Presidente Lula e presidente dos EUA, Donald Trump, se reúnem na Casa Branca, em Washington D.C. | Foto: Ricardo Stuckert/PR - 07.05.2026
Integrantes do governo Lula esperam que os Estados Unidos publiquem entre esta segunda (1) e terça-feira (2) recomendações com punições e novas tarifas contra o Brasil na seção 301 da Lei de Comércio, que apura supostas práticas comerciais injustas.

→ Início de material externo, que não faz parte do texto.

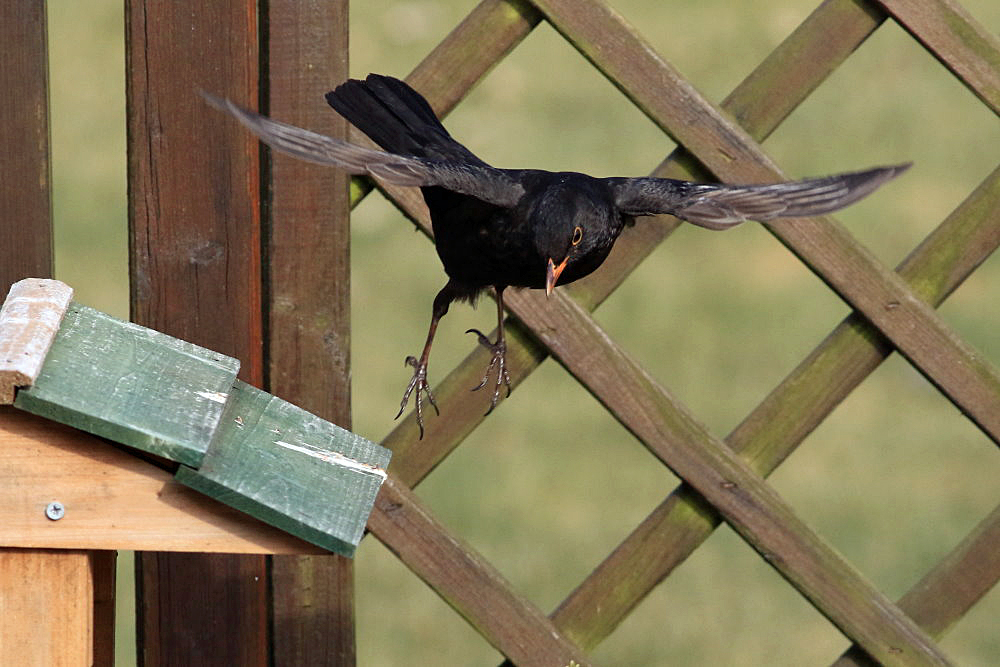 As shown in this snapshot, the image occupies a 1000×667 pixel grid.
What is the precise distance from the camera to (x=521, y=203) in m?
2.14

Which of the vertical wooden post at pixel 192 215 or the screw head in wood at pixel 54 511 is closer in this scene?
the screw head in wood at pixel 54 511

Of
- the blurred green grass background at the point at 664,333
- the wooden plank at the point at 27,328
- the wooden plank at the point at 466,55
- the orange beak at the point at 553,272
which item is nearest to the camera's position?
the wooden plank at the point at 27,328

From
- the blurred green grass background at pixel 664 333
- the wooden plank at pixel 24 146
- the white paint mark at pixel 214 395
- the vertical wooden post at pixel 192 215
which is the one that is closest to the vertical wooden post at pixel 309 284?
the vertical wooden post at pixel 192 215

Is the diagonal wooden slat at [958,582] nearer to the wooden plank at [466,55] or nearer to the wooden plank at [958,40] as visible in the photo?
the wooden plank at [958,40]

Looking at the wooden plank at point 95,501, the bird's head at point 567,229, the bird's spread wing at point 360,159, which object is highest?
the bird's head at point 567,229

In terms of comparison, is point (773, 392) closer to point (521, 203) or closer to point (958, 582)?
point (958, 582)

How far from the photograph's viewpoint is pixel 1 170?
236 centimetres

A investigação em questão foi instaurada pelo USTR (Escritório do Representante de Comércio dos EUA) em julho de 2025, sendo uma das medidas adotadas por Donald Trump em reação ao que foi chamado de "caça às bruxas" contra Jair Bolsonaro (PL).
O prazo desta apuração em andamento encerra oficialmente 15 de julho, mas antes devem ser publicadas as tais recomendações.
A punição, contudo, não entrará em vigor imediatamente. Haverá prazo de 30 dias para resposta do governo brasileiro e consulta pública. É aí que o setor privado pode entrar para ajudar a pressionar os americanos.
São duas frentes de investigação contra o Brasil na 301: uma genérica - que inclui outros 59 países - e outra específica, a que mais preocupa.
Essa última investiga práticas desleais na área ambiental (desmatamento), etanol, PIX, propriedade intelectual, além de outras, e foi anunciada na esteira do tarifaço, no ano passado. Há menção até à rua 25 de março, famosa região de comércio popular em São Paulo.
Fontes do governo relatam que as conversas entre autoridades dos governos brasileiro e americano têm sido boas. Só na semana passada foram duas reuniões. Uma delas com o representante comercial americano, Jamieson Greer, e toda a equipe.
O receio aumentou com a viagem de Flávio Bolsonaro aos Estados Unidos. Greer e o Secretário de Estado americano, Marco Rubio, próximo à família Bolsonaro, atuam no mesmo departamento. Foi Rubio que anunciou a classificação de CV e PCC como organizações terroristas na última quinta-feira (28). Quem dará a última palavra sobre possíveis novas tarifas entrarem em vigor será Donald Trump.